16 Mar 2012 10:42 Son Güncelleme: 23 Kas 2018 13:26

HABERTÜRK TV ''UYARI''DAN YIRTTI! MAHKEMEDEN RTÜK'ÜN KARARINA DURDURMA!

Habertürk TV spikeri Duygu Canbaş'ın Van depremiyle ilgili sözleri nedeniyle verilen uyarı cezasının yürütmesi durduruldu

Ankara 3. İdari Mahkemesi, Radyo ve Televizyon Üst Kurulu’nun, HABERTÜRK TV spikeri Duygu Canbaş’ın Van depremiyle ilgili yayında kullandığı sözler nedeniyle verdiği uyarı cezasının yürütmesinin durdurulmasına karar verdi. Mahkeme, kararında, "Söz konusu yayında herhangi bir şekilde bölücülük ve/veya ayrımcılık yapılmadığı, bilakis ülkemizde bir kardeşlik havasının oluştuğunu ortaya koymaya yönelik beyanda bulunulduğu ve bu amaca yönelik yayın yapıldığı sonucuna ulaşılmaktadır" ifadelerine yer verdi ve "Dava konusu işlemde hukuka ve mevzuata uyarlık bulunmamaktadır" dedi.

İŞTE MAHKEMENİN O KARARI:

T.C. ANKARA 3. İDARE MAHKEMESİ
ESAS NO : 2011/2686

YÜRÜTMENİN DURDURULMASINI
İSTEYEN (DAVACI): Ciner Medya TV. Hizmetleri A.Ş.
VEKİLİ: Av. Simay Tezcan
Söğütözü Cad. Sim İş Merk. No:14-C Beştepe/Ankara
KARŞI TARAF (DAVALI) : Radyo ve Televizyon Üst Kurulu / Ankara
VEKİLİ: Av. Özlem Allıoğlu / Aynı yerde
İSTEMİN ÖZETİ: Davacı şirket tarafından Habertürk logosu ile yayın
yapan televizyon kanalında 23.10.2011 tarihinde yayınlanan program içeriğinde 6112 sayılı Kanun’un (8.) maddesinin 1. fıkrasının (e) bendinde yer alan yayın ilkesinin ihlal edildiğinden bahisle hakkında uyarı müeyyidesi uygulanmasına ilişkin, 29.11.2011 gün ve ...8490 sayılı yazı ile bildirimi sağlanan, 15.11.2011 gün ve 2011/64 sayılı Radyo ve Televizyon Üst Kurulu toplantısında tesis edilen 36 numaralı davalı idare işleminin iptali ve yürütülmesinin durdurulmasına karar verilmesi istenilmektedir.

TÜRK MİLLETİ ADINA
Hüküm veren Ankara 3. İdare Mahkemesi’nce dava dosyası incelenerek işin gereği görüşüldü.

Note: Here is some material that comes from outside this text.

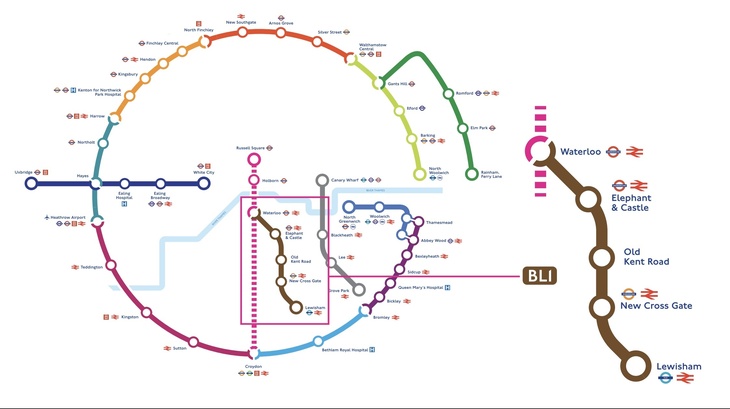 A Superloop map showing the BL1 route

6112 sayılı Radyo ve Televizyonların Kuruluş ve Yayın Hizmetleri Hakkında Kanun’un Tayın Hizmeti İlkeleri’ başlıklı (8.) maddesinin 1. fıkrasının (e) bendinde; (yayın hizmetleri) "ırk, renk, dil, din, tabiiyet, cinsiyet, özürlülük, siyasi ve felsefi düşünce, mezhep ve benzeri nedenlerle ayrımcılık yapan ve bireyleri aşağılayan yayınları içeremez ve teşvik edemez." hükmüne yer verilmek suretiyle anılan hususlar bir yayın ilkesi olarak sayılmış, aynı Kanun’un (32.) maddesinin (2.) bendinde, yukarıda sayılan yayın ilkesini ihlal eden medya hizmet sağlayıcılarının uyarılacağı hükme bağlanmıştır.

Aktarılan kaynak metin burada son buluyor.